Soon after the evacuation from the Dutch East Indies, a Dutch intelligence service was set up in Australia on the instructions of the Dutch Commander of the forces in the East, Conrad Helfrich.

NEFIS I gathered reports, maps, publications and photos on the Dutch East Indies. On the basis of this information, monthly summaries were issued on the situation in the archipelago.

NEFIS II was responsible for censoring the mail of Royal Netherlands Navy and Royal Netherlands East Indies Army (KNIL) personnel. It also checked whether the spouses of Dutch troops in Australia presented a security risk. It was not involved in carrying out secret intelligence operations. That was the task of the Inter-Allied Services Department (ISD), which was set up in April 1942 on the instructions of US General Douglas MacArthur, and was responsible for sending out agents to commit sabotage and gather intelligence in occupied areas. Two Dutch officers were assigned to the Dutch East Indies section, which, like NEFIS, was based in Melbourne.

A few months later, on 6 July 1942, the Inter-Allied Services Department was merged with other intelligence services operating from Australia.

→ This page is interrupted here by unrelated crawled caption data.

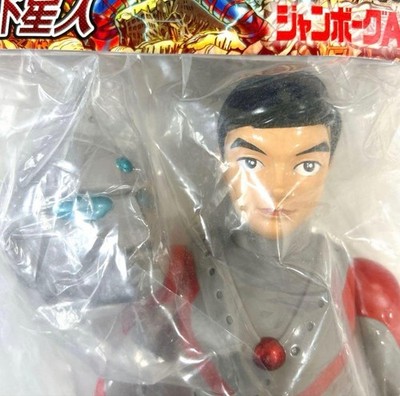 Jumbo A Emerald Alien Kain Soft Vinyl 25cm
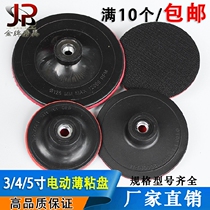 Polishing and polishing disc 4 inch 5 inch 3 flocking sandpaper ultra-thin adhesive tray self-adhesive tray 100 sponge angle grinder suction cup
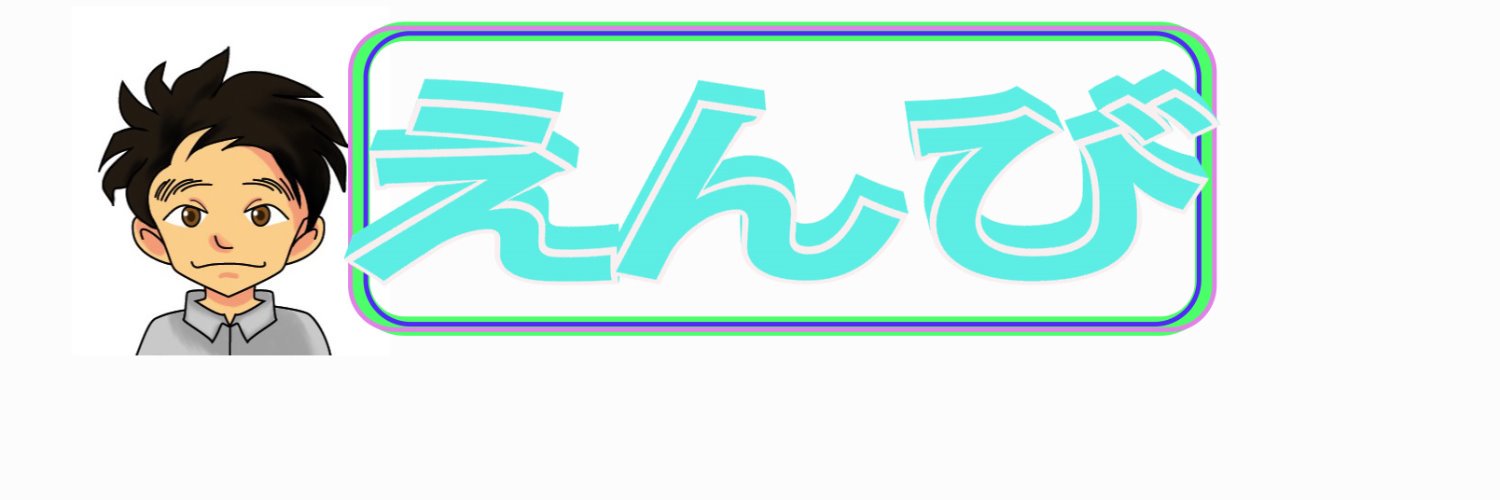 えんび banner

The new service was called the Allied Intelligence Bureau (AIB). It included a division responsible for gathering information on the enemy and carrying out sabotage operations. The Dutch section of the former ISD was incorporated into this division. The Dutch section carried out various operations in enemy territory. NEFIS was not given the task of sending agents on assignments until after the AIB had been reorganised in April 1943.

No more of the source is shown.